The evening brought one of the highlights of the day for everyone, the first full guest panel for Warehouse 13. The Warehouse cast is one of the most fan-friendly of any show. They enjoy interacting with fans almost as much as the fans do. In fact, most of them are self-confessed fans of particular fandoms, so they understand what it’s like on each side of the table. The Warehouse 13 panels are always entertaining and hilarious. About 10 minutes into the panel, Eddie McClintock explained about the Twitter T-shirt picture contest. Remember, Angie sent one of her wearing just the T-shirt and Eddie had previously informed her she was the winner. He outed Angie in front of everyone and revealed the panel had helped him decide the winner. He told the story about the picture with details of what she had done. Angie’s picture was the unanimous choice. Eddie presented her with the grand prize, a Season 3 DVD set which they had all signed. She knew the DVD would be signed by Eddie, but it was a real treat and surprise that he got all of the cast present to sign it. I’m sure the panel got posted on YouTube, and it wouldn’t surprise me if it becomes a con story Eddie tells at other conventions. Angie has always said her life should be a reality series.
The Warehouse 13 panel was a late panel, ending around 7 p.m. Sunday was going to be a late night, anyways. All the big parties were scheduled, and the cosplayers were out in force attired in their best and most creative costumes for the Costume Masquerade, one of the famous events at Dragon*Con. Our group headed back to our hotel to freshen up and decide what to do about dinner.

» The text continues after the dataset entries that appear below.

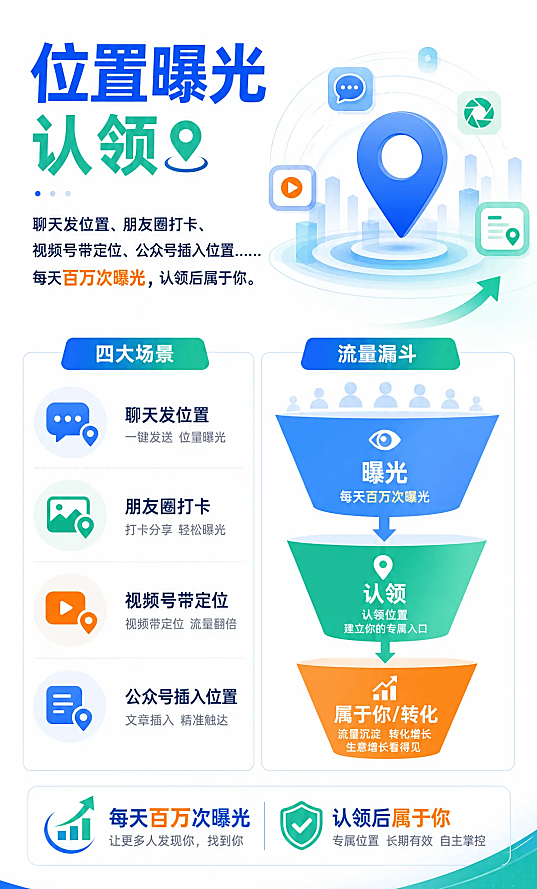 门店认领微信位置+视频号挂载小程序服务，实体店引流不再愁！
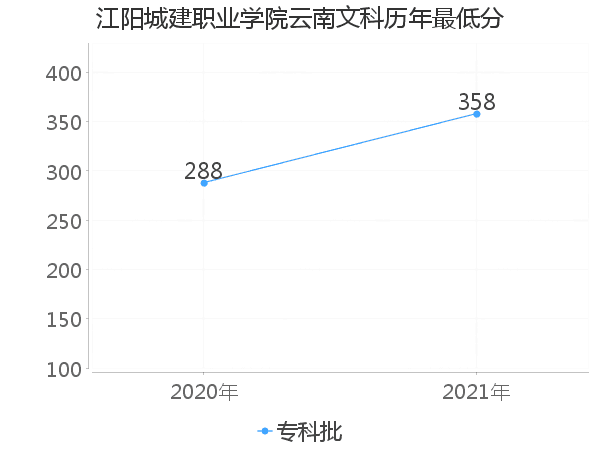 最低分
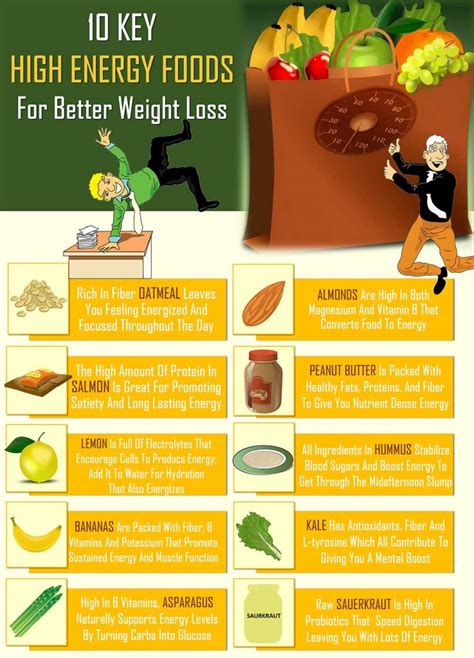 10 High Energy Foods For Effective Weight Loss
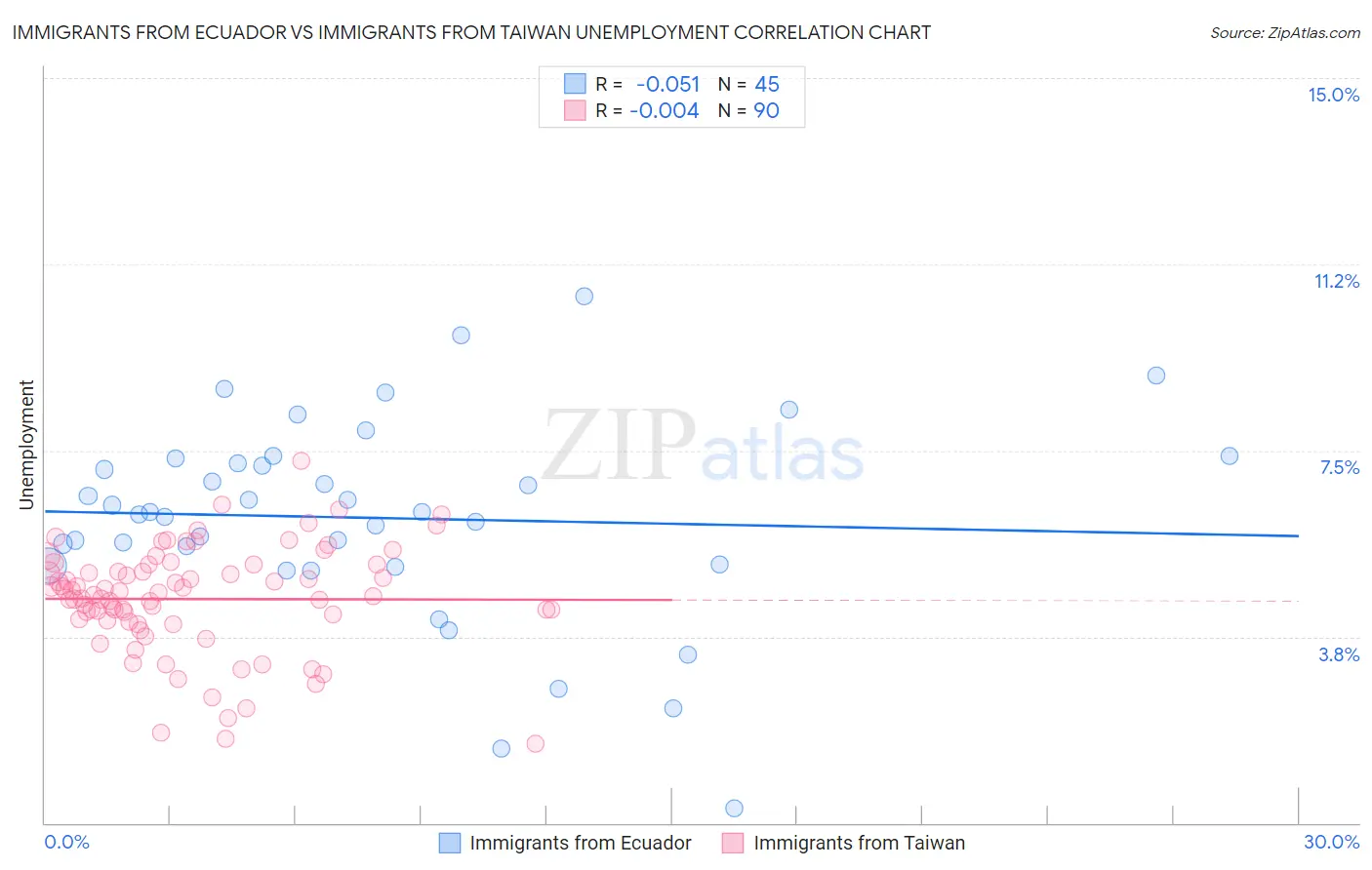 Immigrants from Ecuador vs Immigrants from Taiwan Unemployment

When we reached the decision point, no one wanted to trek back to the food court, but no one could agree on any of the surrounding restaurants either. Someone mentioned that our hotel had a grill-type restaurant. After looking at the menu and prices, everyone agreed eating at the hotel was a good idea, and it was. The food was good, restaurant-quality, and one of the best meals we had all weekend. Kristy and I shared a Chicken Nachos platter and couldn’t finish it all! An impromptu Squirrel party in the hotel lobby, one of the best times we shared together all weekend, laughing and enjoying each other’s company.
It was late by the time we set out in our matching shirts to cruise the Dragon*Con night life. Giddy with having a good time together more than anything else, we garnered a good bit of attention from others because of how silly we acted. Our first destination was the Sheraton to check out the Star Trek party. It’s usually one of the most popular and best-attended events at the convention, but it was quite subdued. We overheard several people say the bar was having its last call. Next, we headed to the “Yule Ball”, a Harry Potter-themed event. The best thing was a well-done replica of the TARDIS outside the ballroom. Forget the Angels, the Squirrels now have the TARDIS and the picture as proof! When we tried to enter, we were informed that the Ball was about to close, more than an hour prior to the stated closing time. We thought it a bit weird, but unusual things happen at conventions, especially late at night.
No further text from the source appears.